If comedy is an acquired taste – a fact that every act from Joan Rivers to the cast of “Jackass” proves well enough – then satire is the kind of comedy that has even more of an individual appeal.

This is especially true when politics enters the mix. Not everyone is a fan of the liberal rants of Lewis Black, while the more conservative Dennis Miller has far fewer followers these days than when he was host of “Saturday Night Live’s” Weekend Update.

The fact is, though, most hosts of comedy socio-political shows are liberal-minded, Stephen Colbert, John Oliver and Samantha Bee prominently among them.

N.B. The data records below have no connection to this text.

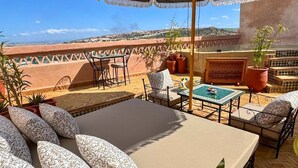 Une terrasse avec une table, des chaises et un grand parasol. On y trouve des plantes en pot et une vue sur une ville lointaine.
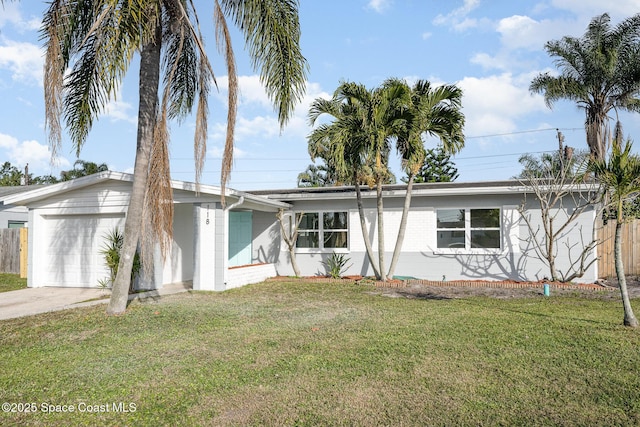 ranch-style home with a garage and a front lawn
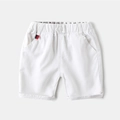 Classic white cotton shorts for boys with elastic waist and stylish tricolor label - 90cm / White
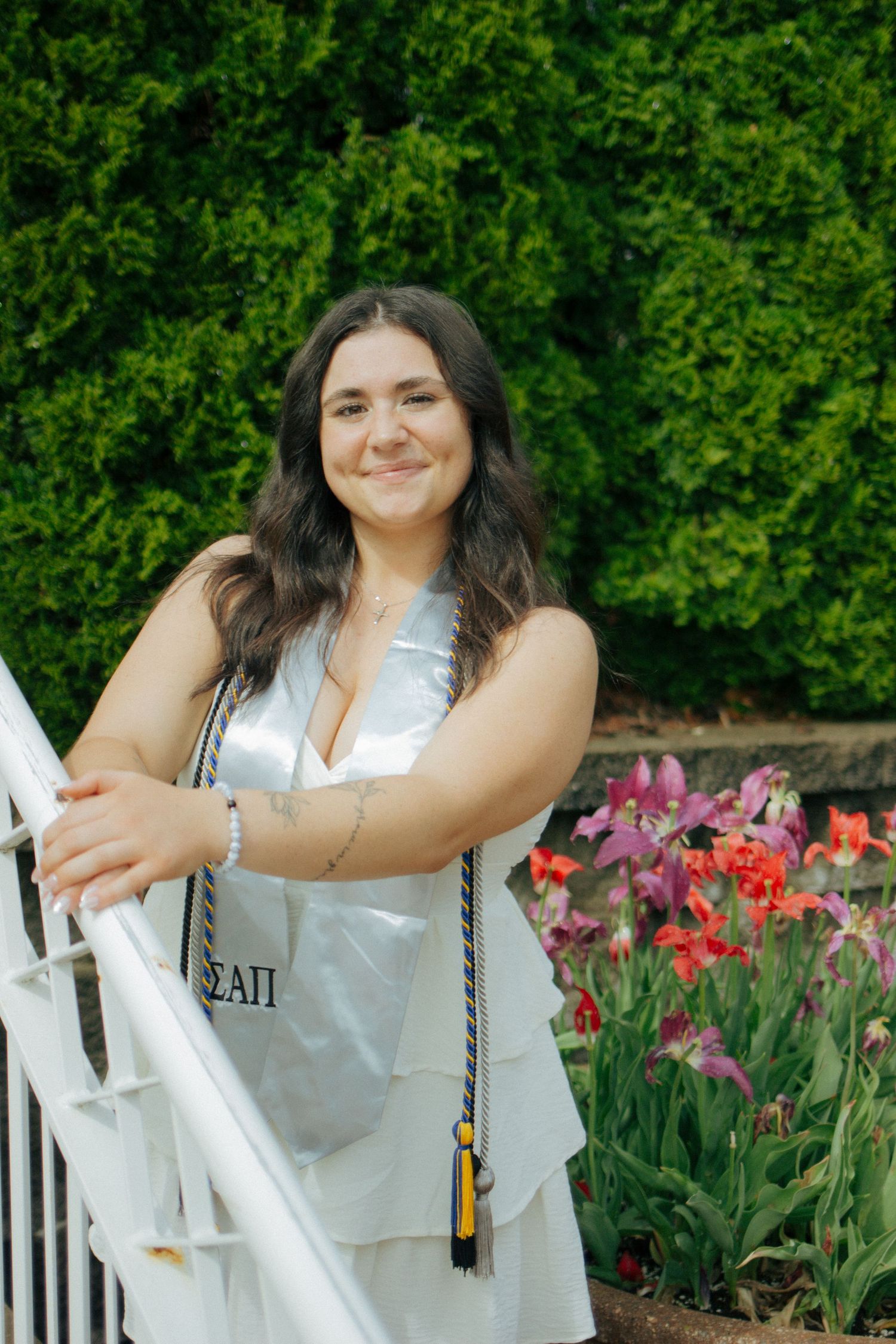 Smiling graduate in white dress leans on white railing beside vibrant tulips and green hedges.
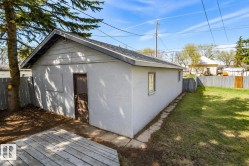 Detached garage with white stucco exterior, grey shingle roof, and a single window - 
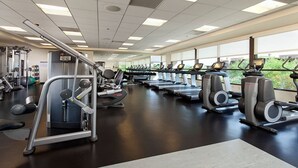 Ein Fitnessstudio mit verschiedenen Trainingsgeräten, darunter Laufbänder und Kraftgeräte, in einem großzügigen Raum mit großen Fenstern für natürliches Licht.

And it’s no coincidence that all three were part of the Emmy Award-winning crew that worked for Jon Stewart at some time during his 16-year tenure as host of Comedy Central’s “The Daily Show.”

Stewart transformed “The Daily Show” from the standard pop-culture comic-skit format that original host Craig Kilborn ran to a far more politically savvy structure that ended up skewering the news reports of the day – especially when those reports involved conservative voices.

And when Stewart left the show in 2015, leaving the hosting duties to Trevor Noah, he continued exploring his own political interests. He wrote and directed the film “Rosewater,” which starred Gael García Bernal as the Canadian-Iranian journalist Maziar Bahari, who as a Newsweek reporter in 2009 was arrested and jailed on espionage charges by the Iranian government.

Now we have “Irresistible,” which Stewart also wrote and directed, and which stars Steve Carell (another former “Daily Show” cast member) and Rose Byrne as dueling Washington, D.C.-based political strategists. I streamed the film, incidentally, through Amazon Prime.

Carell plays Gary Zimmer, whose career is in a tailspin because of his unsuccessful efforts to elect Hilary Clinton. Byrne’s character, Faith Brewster, plays his main foil, she having worked for the winning Republican side. Gary chances upon a YouTube video that features a citizen of a small-town Wisconsin public city-hall meeting railing against his city council’s adoption of a resolution aimed at immigrants.

And our protagonist sees an opportunity. The citizen in question is Col. Jack Hastings, a retired Marine officer whom Gary pictures as, and I quote, a “Bill Clinton with impulse control.” Most important, Gary sees Col. Jack – played by the always dependable Chris Cooper – as his way back into the world of winning politics.

Of course, to get what he wants, he has to convince Col. Jack to go along. And even when he eventually does, he has to vie with Faith because – wouldn’t you know it? – Republicans overseeing the national scene view the rise of a populist Democrat as a threat, and she has come to stop things before they even get started.

Stewart, obviously depending on an experienced movie-making crew – from veterans such as cinematographer Bobby Bukowski and film editor Jay Rabinowitz – gives us a competently made film. And his cast, especially Cooper, puts in solid work.

But the screenplay he wrote is too scattershot, attempting not just to criticize how U.S. elections are held – especially how they are financed – but also how politicians and the people they hire (especially contractors such as Gary and Faith) come around at election time asking for favors but are usually absent the rest of the time.

And Stewart takes shots – not all of them unjustified – at the media, too, accusing reporters and editors of looking for the big news of the moment, and being the first to air or print it, instead of keying on the larger story and the impact it has on the electorate.

Most of all, it’s the tone of “Irresistible” that feels off. Both Gary and Faith are despicable characters, displaying their D.C.-area arrogance in ways that are actually cartoonish. And even the fact that they eventually get their comeuppance comes in a way that feels like a condescending cliché, as if – yes – the average small-town citizen has both a monopoly on common sense and the intelligence to outwit the proverbial big-city carpetbaggers.

To paraphrase one of Stewart’s old “Daily Show” conventions, that’s hardly a moment of satirical zen.